Consider that you're working with a source-parser plug-in product, whereby you register a dynamic library (see Chapter 9) that receives notifications from a parsing engine in response to certain events. The entry point might look like Listing 3.1:^[1]

^[1] The callback API will most likely be in pure C, for the reasons we discuss in Part Two.

Listing 3.1.

enum SPEvent { . . . };





struct ParseContext


{


// Callback functions


  void *(*pfnAlloc)(size_t cb);


  void (*pfnFree)(void *p);


  void *(*pfnRealloc)(void *p, size_t cb);


  int (*pfnLookupSymbol)( char const *name, char *dest


                        , size_t *pcchDest);


// Data members


  . . .


  char const *currTokBegin;


  char const *currTokEnd;


  . . .


};





int SrcParse_LibEntry(SPEvent event, ParseContext *context);

Clearly, dealing with the ParseContext structure is going to be messy, as in Listing 3.2.

Listing 3.2.

// MyPlugIn.cpp





int SrcParse_LibEntry(SPEvent event, ParseContext *context)


{


  switch(event)


  {


    case SPE_PARSE_SYMBOL:


      MyPlugIn_ParseSymbol(context);


  . . .


}





void MyPlugIn_ParseSymbol(ParseContext *context)


{


  size_t  tokLength;


  char    *tokName;


  size_t  cchDest;


  tokLength = 1 + (context->currTokEnd –context->currTokBegin);


  tokName = strncpy( (char*)(*context->pfnAlloc)(sizeof(char)


                 * tokLength), context->currTokBegin, tokLength);


  size_t  cchDest   = 0;





  int  cch = (*context->pfnLookupSymbol)(tokenName, NULL, &cchDest);


  . . .


}

Not pretty is it? As well as being a royal pain to deal with all that code, we're messing around with raw pointers in our logic code, and the handling of errors and exceptions is sketchy at best. All these things are what C++ positively excels at, so surely we can improve it.

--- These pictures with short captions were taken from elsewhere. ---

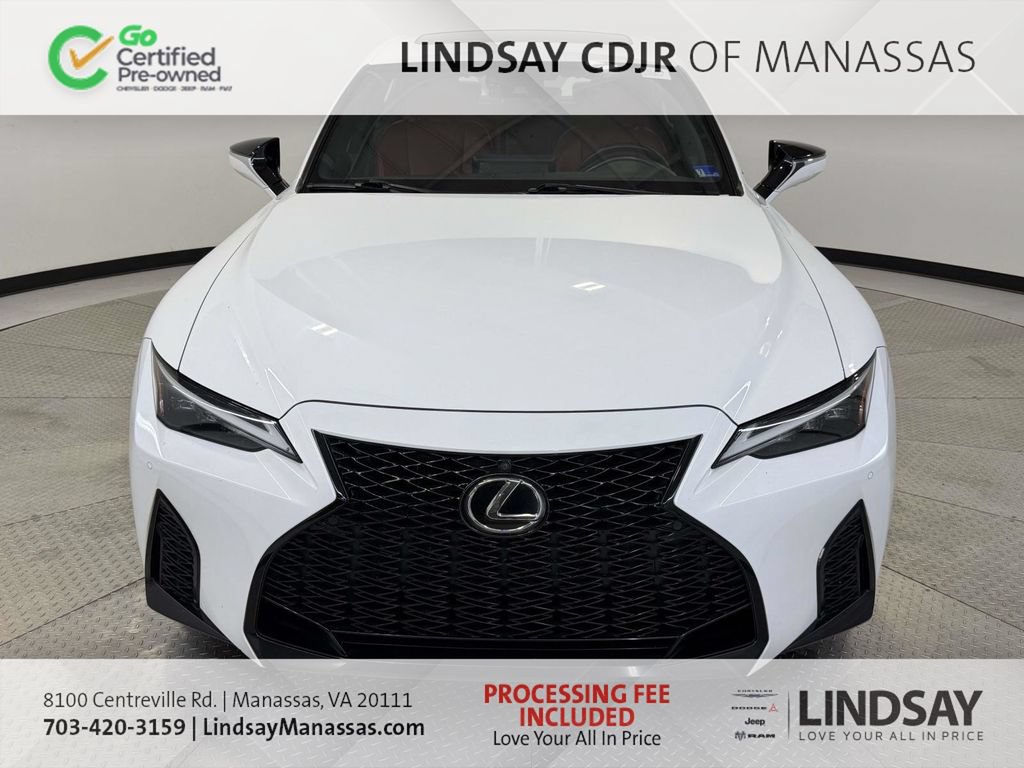Used 2023 Lexus IS 350 F Sport RWD image 3
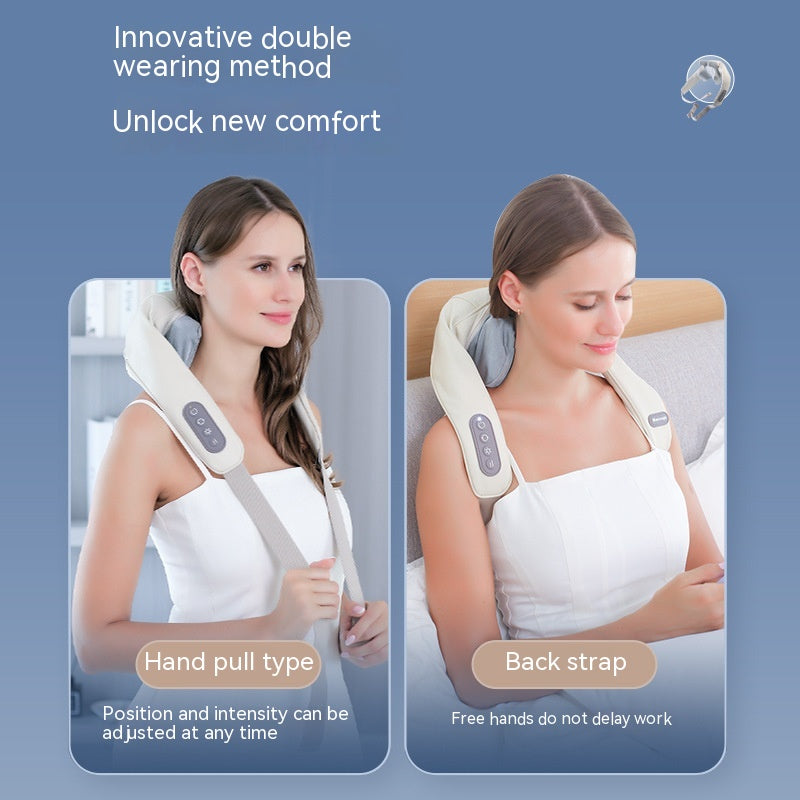 Neck Massager Neck, Shoulders,Back and legs with Heat element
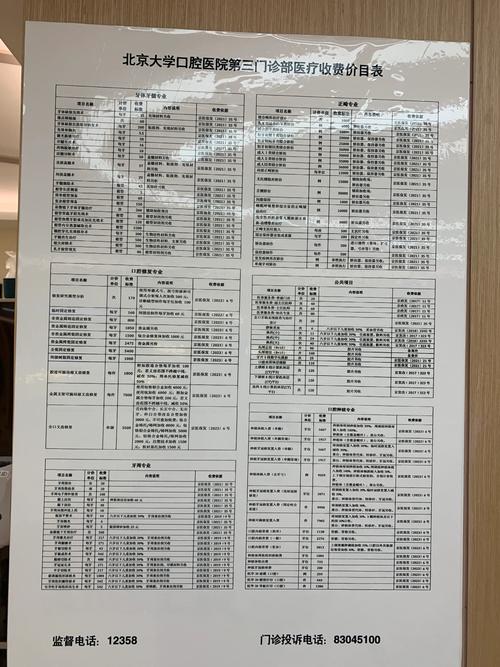 北大口腔种牙具体费用是多少?不同种植体品牌、牙槽骨条件会影响价格吗?-图1 北大口腔种牙具体费用是多少?不同种植体品牌、牙槽骨条件会影响价格吗?-图1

The answer is that most of the complexity can be easily encapsulated within a wrapper proxy

Listing 3.3.

class ParseContextWrapper


{


public:


  ParseContextWrapper(ParseContext *context)


    : m_context(context)


  {}





  void *Alloc(size_t cb)


  {


    return (*m_context->pfnAlloc)(cb);


  }





  string CurrentToken()


  {


    return string(m_context->currTokBegin, m_context->currTokEnd);


  }





  string LookupSymbol(string const &token)


  {


     . . .





  int OnParseSymbol();





private:


  ParseContext *m_context;


};

which leads to considerably simpler user code.

Listing 3.4.

int SrcParse_LibEntry(SPEvent event, ParseContext *context)


{


  try


  {


    ParseContextWrapper      cw(context);





    switch(event)


    {


      case SPE_PARSE_SYMBOL:


        return OnParseSymbol();





      . . .


  }


  catch(ParseException &x)


  {


    . . .

APIs such as this represent the stereotypical wrapper proxy case. ParseContextWrapper does not in any way own the ParseContext pointer it is given, it merely enables client code to work with a simpler, and presumably well-tested, interface over the base API. Note that I've made the m_context member private out of habit; you could arguably leave it public, since the client code has access to the raw ParseContext anyway, but old habits die hard.^[2]

^[2] Be thankful I didn't go really paranoid and take a pointer reference in the constructor, and then set the raw pointer to NULL, so nothing else could use it.